Exercise aim :: Scan the records beneath this line for the line holding "Une blonde mature" and the line holding "Seafront modern apartment!", then transcribe exactly those two and all lines between.

Supplied records ::
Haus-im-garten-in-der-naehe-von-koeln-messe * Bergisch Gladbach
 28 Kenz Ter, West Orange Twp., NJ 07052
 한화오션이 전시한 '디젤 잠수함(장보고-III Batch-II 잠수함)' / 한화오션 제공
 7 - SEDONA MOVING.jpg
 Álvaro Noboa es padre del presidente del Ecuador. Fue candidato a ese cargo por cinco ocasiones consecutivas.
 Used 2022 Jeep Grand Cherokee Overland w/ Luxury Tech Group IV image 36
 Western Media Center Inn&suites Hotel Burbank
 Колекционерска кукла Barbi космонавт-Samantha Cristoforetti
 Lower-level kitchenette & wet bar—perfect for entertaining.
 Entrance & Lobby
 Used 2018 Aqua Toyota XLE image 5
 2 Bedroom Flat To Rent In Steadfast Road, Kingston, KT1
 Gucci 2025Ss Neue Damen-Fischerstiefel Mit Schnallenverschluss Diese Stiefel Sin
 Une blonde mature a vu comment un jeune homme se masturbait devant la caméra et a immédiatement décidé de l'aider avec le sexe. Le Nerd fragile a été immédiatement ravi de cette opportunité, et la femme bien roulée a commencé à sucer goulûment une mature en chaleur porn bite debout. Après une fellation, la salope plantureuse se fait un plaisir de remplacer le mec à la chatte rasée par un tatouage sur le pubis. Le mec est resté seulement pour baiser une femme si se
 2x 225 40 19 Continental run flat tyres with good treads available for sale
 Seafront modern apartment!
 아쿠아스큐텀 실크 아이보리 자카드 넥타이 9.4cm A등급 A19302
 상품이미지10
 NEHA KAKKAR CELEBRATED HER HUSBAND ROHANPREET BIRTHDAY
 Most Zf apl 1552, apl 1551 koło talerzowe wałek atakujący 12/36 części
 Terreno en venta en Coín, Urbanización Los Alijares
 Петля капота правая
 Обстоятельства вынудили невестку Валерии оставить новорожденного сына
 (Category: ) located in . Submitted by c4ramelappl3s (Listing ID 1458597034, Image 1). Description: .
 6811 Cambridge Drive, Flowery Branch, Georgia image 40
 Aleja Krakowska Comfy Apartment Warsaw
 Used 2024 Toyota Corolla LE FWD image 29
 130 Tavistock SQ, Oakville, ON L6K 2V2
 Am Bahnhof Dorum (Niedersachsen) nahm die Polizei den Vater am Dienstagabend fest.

Answer for the task ::
 Une blonde mature a vu comment un jeune homme se masturbait devant la caméra et a immédiatement décidé de l'aider avec le sexe. Le Nerd fragile a été immédiatement ravi de cette opportunité, et la femme bien roulée a commencé à sucer goulûment une mature en chaleur porn bite debout. Après une fellation, la salope plantureuse se fait un plaisir de remplacer le mec à la chatte rasée par un tatouage sur le pubis. Le mec est resté seulement pour baiser une femme si se
 2x 225 40 19 Continental run flat tyres with good treads available for sale
 Seafront modern apartment!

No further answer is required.